В двух веках. Жизненный отчет российского государственного и политического деятеля, члена Второй Государственной думы (Гессен) - страница 260

Новости гласили, что финляндское восстание подавлено и на днях восстановится сообщение с Петербургом, но о поездке в «де цуге» уже не упоминалось, словно и надежды такой не возникало. Начались дорожные сборы, хлопоты о скорейшем получении пропуска через жестоко усмиренный Выборг, и наши «хождения по северным путям» с Рерихом резко оборвались. Теперь пути наши разошлись – он и не помышлял о возвращении на родину, оставался в тихой пристани, мы отправлялись в плавание по бурному морю большевизма. За все время пребывания в Сердоболе мы не получили из Петербурга ни одного известия и не могли сколько-нибудь конкретно представить себе, что нас там ожидает, где старшие женатые сыновья, существует ли еще «Речь», цела ли наша квартира и т. д. Эти томительные вопросы властно врезались в порядок дня, а я еще сам бередил их, чтобы заглушить сладостное воспоминание о блеснувшей мне улыбке весны.

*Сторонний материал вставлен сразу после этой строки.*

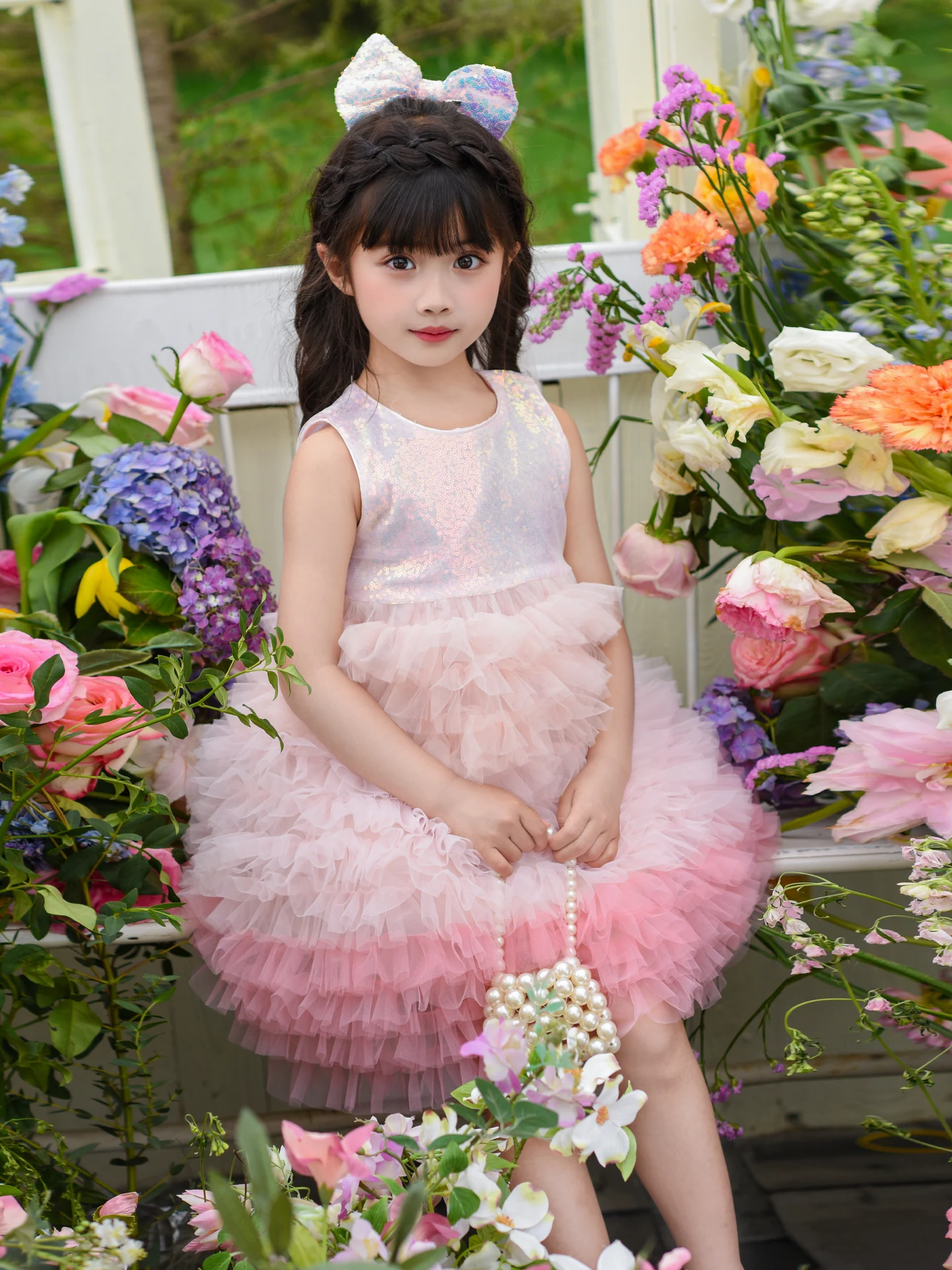 Vestido de Princesa com Cores em Gradiente para Meninas, Novo Estilo de Verão, Vestido de Tule para Crianças, Estilo Doce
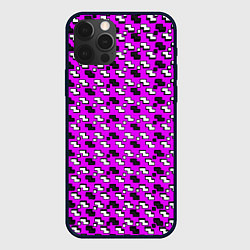 Чехол iPhone 12 Pro Max Чёрно-белые фигуры на розовом фоне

С Рерихом я снова встретился на короткое время, около года спустя в Выборге и Гельсингфорсе, но в беженской политической сутолоке мы не возвращались к прошлому. Потом в Берлине руководимое мною издательство выпустило одну из его книг, «Цветы Мории»… А теперь имя Рериха получило совершенно исключительное значение… В 24 странах создалось 63 общества его имени, посвященные культуре, искусству и знанию. В Нью-Йорке устроен музей Рериха, содержащий свыше тысячи его полотен. Кроме того, он создал ряд образовательных учреждений в Америке, был инициатором «Пакта Рериха», предложившего «Знамя мира». Но это уже не тот взыскующий Рерих, а широко вещающий непреложные истины древних мудрецов, разукрашенные пышным словесным орнаментом. Мне трудно узнать его теперь, когда он всегда «в толпе», в которой не знаешь, кого встретишь. Но я храню благодарную память о том интимном, чуть оглядывающемся Рерихе, так любовно скрасившем тягостное пребывание в Сердоболе раскрытием своего опыта одухотворенной жизни во время наших хождений по северным путям.

* * *

С тревожным нетерпением приближались мы к злобно ощерившейся родине. К числе немногих впечатлений, которые на всю жизнь сохраняют свою первоначальную яркость, относится и переезд через границу в Белоострове. Вместо «бурного моря» перед глазами развернулось какое-то «сонное царство». Был чудесный весенний день, солнце ласково согревало толпу людей на перроне, неряшливо и причудливо одетых, лениво слонявшихся взад и вперед, не проявляя никакого интереса к окружающему. Особенно поражало мертвенное безразличие таможенных чиновников, всегда отличавшихся ревностью и настороженностью ищеек. Теперь их внимание было всецело поглощено несколькими ковригами соблазнительно пахнущего черного хлеба, которые мы захватили с собой, и, видя умоляющие глаза, трудно было отказать в просьбе уделить им кусок этого необычайного лакомства.